Online Aggregation and Visualization of Census Data: Population Mapping with SVG, XML, and Free Software

Yi-Hong Chang, Tyng-Ruey Chuang

Institute of Information Science
Academia Sinica
Nankang, Taipei 115, Taiwan

{yhchang, trc}@iis.sinica.edu.tw
Phone: +886 2 2788-3799 ext. 1608, 1661
Fax: +886 2 2782-4814

June 2002

Keywords: Data Visualization, Online Aggregation, Population Statistics and Mapping, SVG, Web, XML.

Abstract

Standards like XML and SVG allow data to be exchanged between systems while maintaining its semantic integrity. Free software tools (Apache web server, Mozilla web browser, etc.) provide the means to build and maintain systems for data exchange. We report our experience in integrating free software tools for online aggregation and visualization of large census datasets. The system, Taiwan Social Map, is a Web-based system with XML, and SVG in particular, as the basis for data representation and visualization. Our experience in building the system has been very encouraging. We report in this paper the approaches we took, the lessons we learned, as well as the challenges we may continue to face in building and extending the system. Special efforts have been made to generate SVG data graphics that are clear, concise, interactive, and portable.

1. Introduction

This project, Taiwan Social Map, aims to use XML, and SVG [1] in particular, as the basis of a Web-based population mapping system. Only freely available software tools are used in building the system. Hence, this project also functions as a benchmark for the evaluation of freely available XML processing tools. The major data sources used in the current system are the 1990 Taiwan census dataset, which includes 19,974,329 de-identified personal surveys, and a detailed administration district map of Taiwan, which consists of the locations and contours of all the 7,738 precincts and villages in Taiwan.

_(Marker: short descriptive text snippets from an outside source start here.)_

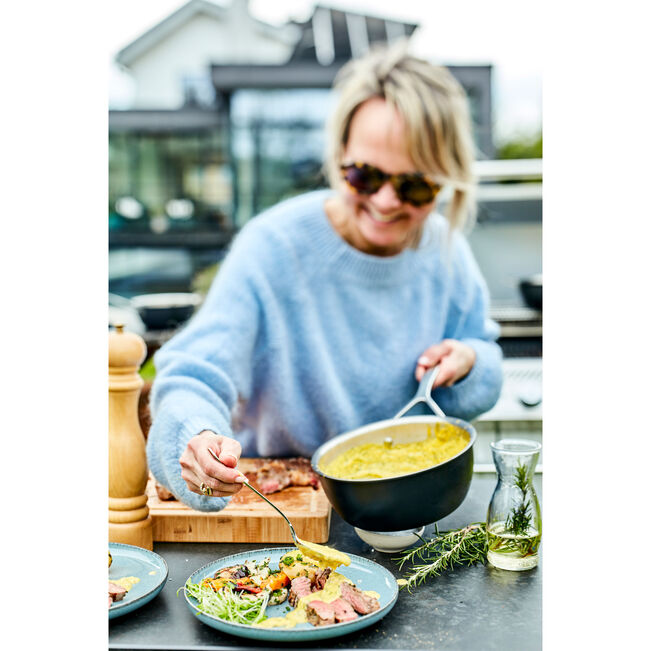 Woman serving food from a pan outdoors with a blurred background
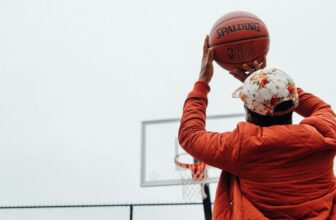 person holding basketball looking at basketball hoop system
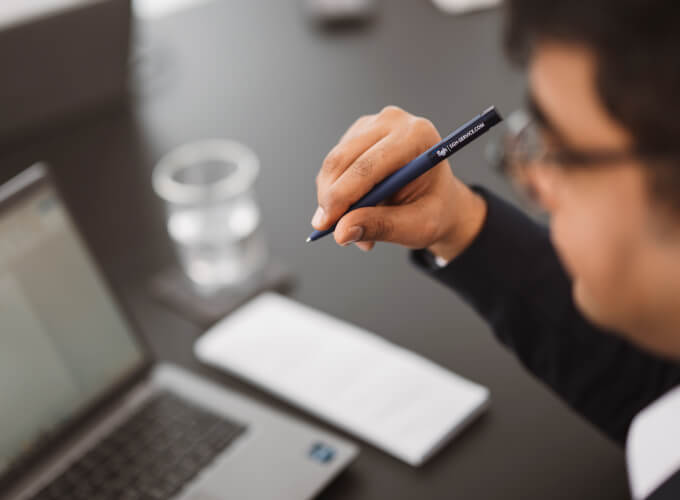 Mitarbeiter in einer Business-Besprechung mit Laptop und Stift, konzentriert auf strategische Abstimmung und strukturierte Unternehmensprozesse.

Our experience in building the system has been very encouraging. We report in this paper the approaches we took, the lessons we learned, as well as the challenges we may continue to face in building and extending the system. This paper is organized as the following. In Section 2, we provide background information about the datasets we used. Section 3 shows a scenario of using the system, and Section 4 gives an overview of the major system components. Section 5 describes designs of the data graphics. Section 6 is about the lessons we learned and the challenges we face. Section 7 talks about related and future work, and Section 8 concludes.

2. Background Information about Taiwan: Local Governance, Census Data, and Administration District Map

Taiwan Household and Residence Censuses were conducted 7 times, in 1956, 1966, 1970, 1975, 1980, 1990, and 2000. During each survey, every household in Taiwan was interviewed for its household composition (household size, personal data for each household member, etc.) and residence status (residence size, rented or owned residence, etc.). The 1990 dataset includes 19,974,329 records of de-identified survey results, with one record for each surveyed individual. Each record contains 31 personal attributes, ranging from the individual's gender, year-of-birth, marital status, education level, to the individual's residence area code.

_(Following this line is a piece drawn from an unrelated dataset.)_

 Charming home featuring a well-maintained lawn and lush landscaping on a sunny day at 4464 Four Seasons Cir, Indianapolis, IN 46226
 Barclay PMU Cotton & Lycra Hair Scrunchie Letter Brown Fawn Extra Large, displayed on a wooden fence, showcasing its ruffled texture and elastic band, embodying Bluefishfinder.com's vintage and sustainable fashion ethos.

The residence area code is an 8-digit numeric code used only for conducting the census. However, this residence code can be uniquely mapped to an administration district code used for local governance. Taiwan has a three-level local government system. At the upper level, Taiwan consists of 18 counties and 7 (big) cities. At the middle level, a county is composed of several (small) cities, towns, or countries, and a (big) city is composed of several districts. At the lower level, there are villages, which make up countries, and precincts, which make up (small) cities, towns, and districts. In total, there are 25 upper-level local governments (big cities and counties), 319 middle-level local governments (district, small city, town, country), and 7,738 lower-level local governments (precincts and villages). Each precinct and village has a population in range of about 100 to 10,000. All local government chiefs are elected by popular votes. The only exception are district chiefs, who are delegates of (big) city mayors.

An Administration District Map of Taiwan, in ArcView format [2] and containing the locations and contours of all the precincts and villages in Taiwan, was previously built by the Computer Centre of Academia Sinica, and has been used in other research projects. The 1990 census data, when collated with the administration district map, thus becomes a rich source of detailed population profiles of Taiwan in 1990. Our goal is to use open standards and free tools to build a Web-based system to help map and explore this rich source of population data.

3. A Scenario

Figure A is a screen shot of a population map in a user's browser. Click on the image to access the live HTML document and to explore the map by yourself. This map shows the ratios of university or college educated populations to the local populations, for all 25 (big) cities and counties that make up Taiwan. Taibei City stands out as the reddest region in the map (its ratio, 15.63%, is highest in Taiwan). Education details about Taibei City are displayed at the lower left table because the user has clicked inside the city contour in the map to request more information. Note that we use the Tongyong romanization method to systematically translate Chinese names into English names. Hence, Taipei, the more widely known English name of Taiwan capital, becomes ``Taibei''. More details about romanization can be found in Section 6.4.

Taiwan Social Map screen shot

Figure A: Ratios of University or College Educated Populations to The Local Populations.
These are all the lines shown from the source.